The 2,000-strong peacekeeping contingent was deployed to Karabakh in line with a Russian-brokered ceasefire agreement that stopped the 2020 Armenian-Azerbaijani war. The Russian troops were due to stay there at least until November 2025. Their failure to prevent or stop the Azerbaijani military offensive, which forced Karabakh’s ethnic Armenian population to flee to Armenia, called into question their continued presence there.
Moscow began withdrawing the peacekeepers from Karabakh last week following an agreement reportedly reached by the Russian and Azerbaijani presidents. Images circulated by Azerbaijani media in the following days showed some of them returning to Russia through Azerbaijan.

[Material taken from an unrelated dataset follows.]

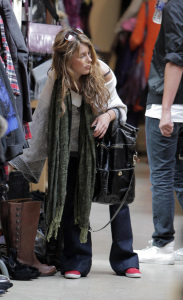 Shenae Grimes shopping at a vintage clothing shop and at Kitson Kids on Robertson Boulevard in Beverly Hills on February 12th 2009 5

The Russian convoy seen by an RFE/RL reporter entered Armenia through the Lachin corridor. An Armenian military police car escorted it to the nearby town of Goris.
Armen Grigorian, the secretary of Armenia’s Security Council, clarified later in the day that the Russian peacekeepers will only briefly stay in Armenia.
“A group of military personnel of the contingent and their column went to their temporary deployment locations in Goris and Sisian in order to organize their closure,” Grigorian told the Armenpress news agency.
Meanwhile, Kremlin spokesman Dmitry Peskov blamed the Russian troop withdrawal on the Armenian government’s controversial decision to recognize Azerbaijani sovereignty over Karabakh.
“This [withdrawal] corresponds to the current realities that have developed in the region after Armenia recognized the borders of Azerbaijan as of 1991,” he told Russian state television. “The geopolitical realities there have changed, and there are no functions left for [the peacekeepers] anymore.”
Moscow has similarly blamed Prime Minister Nikol Pashinian for its failure to thwart or even condemn the Azerbaijani takeover of Karabakh. Yerevan has dismissed such claims, insisting that the peacekeepers have failed to fulfill their mandate.
Peskov spoke as Russian President Vladimir Putin met with his Azerbaijani counterpart Ilham Aliyev in the Kremlin.
“Regional security issues are constantly on the agenda of our meetings, and we are also pleased with how they are being solved,” Aliyev told Putin at the start of the talks. “Russia is a fundamental country in terms of regional security in the Caucasus and wider geography.”